[DATA]
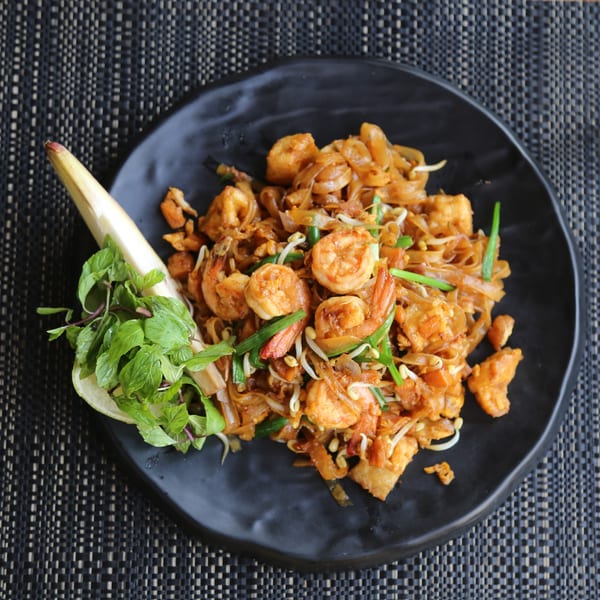 Ginger Asian Kitchen's Pad Thai with shrimp, noodles, bean sprouts, and green onions, garnished with mint.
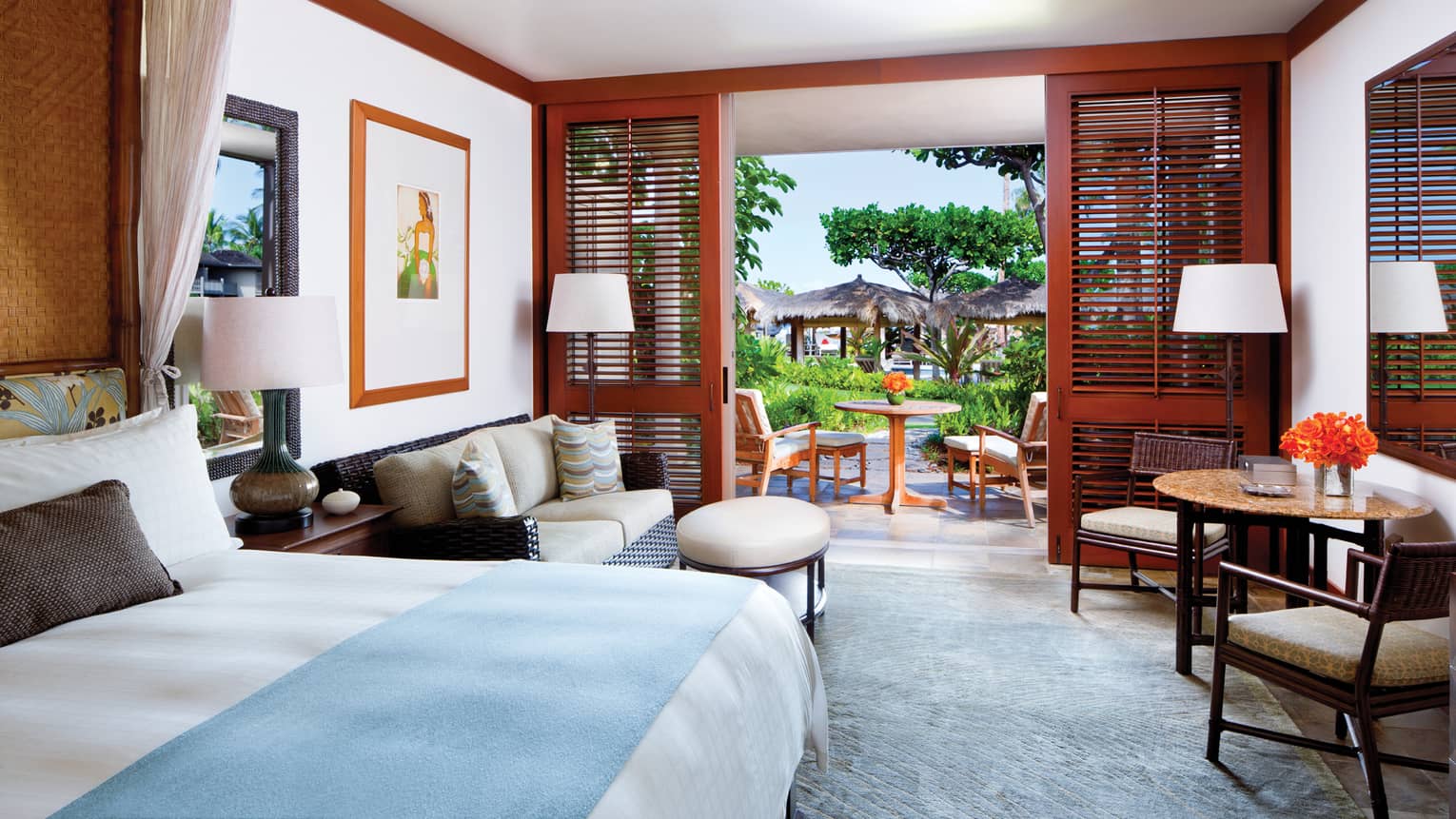 Poolside Room bed with blue blanket, wicker loveseat and ottoman, table, open wood patio shutters
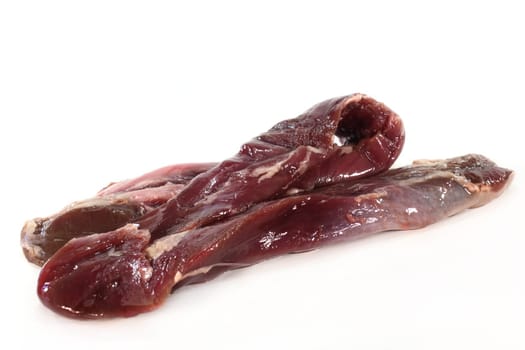 two raw lamb fillets on a white background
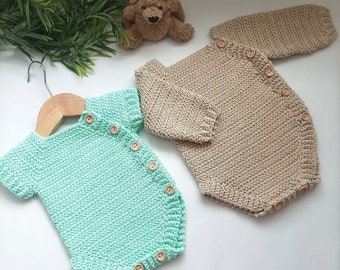 Op de afbeelding: Twee gehaakte baby-rompers, één in lichtgroen en één in beige. Beide rompers hebben houten knopen aan de voorkant.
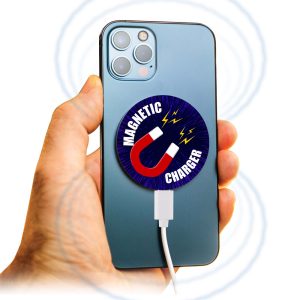 A hand holding a smartphone with a round, blue and white magnetic wireless charger attached to the back.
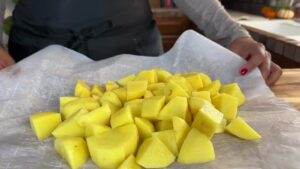 Chopped yellow potatoes on parchment paper, ready for roasting in a kitchen setting.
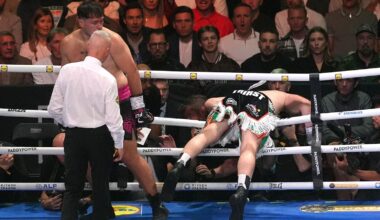 Carty falls through the ropes after receiving a blow to the back of the head from Allen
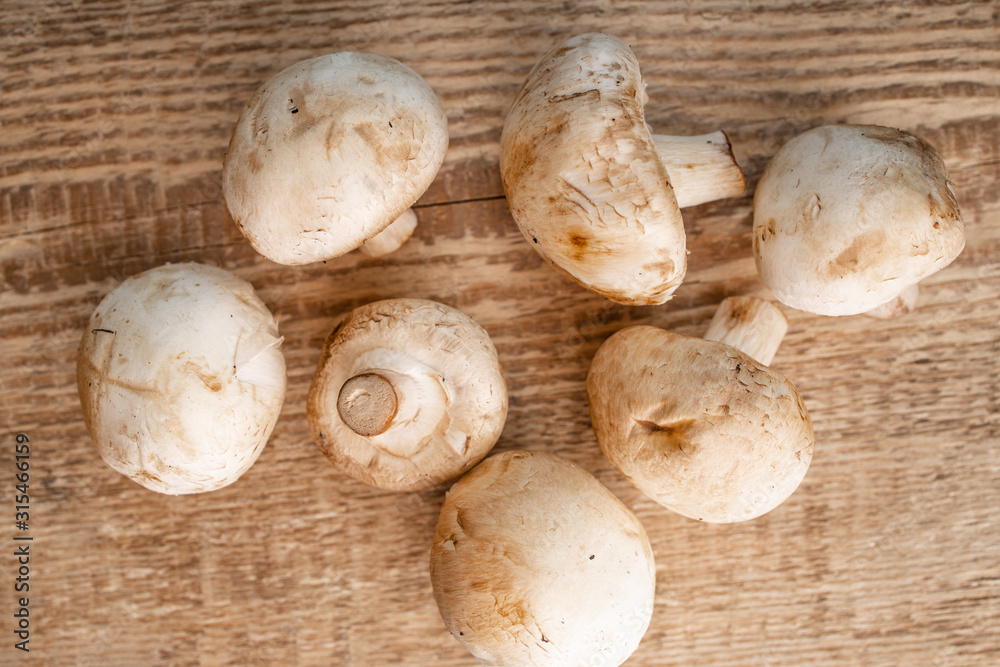 Bunch of fresh champignon mushrooms on the wooden background. Close up of vegetarian healthy food.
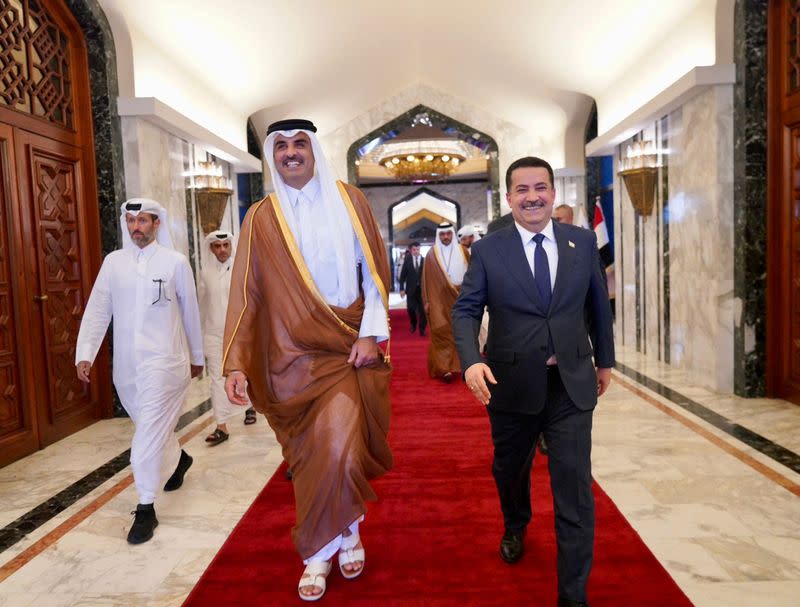 Iraqi Prime Minister Mohammed Shia al-Sudani welcomes Qatar's Emir Sheikh Tamim bin Hamad al-Thani, in Baghdad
[/DATA]
■ EXERCISE PROMPT: Reproduce the data above exactly, but only the lines from the one showing "Poolside Room bed" through the one showing "Bunch of fresh", with both ends kept and the pictures left out.

■ ANSWER:
 Poolside Room bed with blue blanket, wicker loveseat and ottoman, table, open wood patio shutters
 two raw lamb fillets on a white background
 Op de afbeelding: Twee gehaakte baby-rompers, één in lichtgroen en één in beige. Beide rompers hebben houten knopen aan de voorkant.
 A hand holding a smartphone with a round, blue and white magnetic wireless charger attached to the back.
 Chopped yellow potatoes on parchment paper, ready for roasting in a kitchen setting.
 Carty falls through the ropes after receiving a blow to the back of the head from Allen
 Bunch of fresh champignon mushrooms on the wooden background. Close up of vegetarian healthy food.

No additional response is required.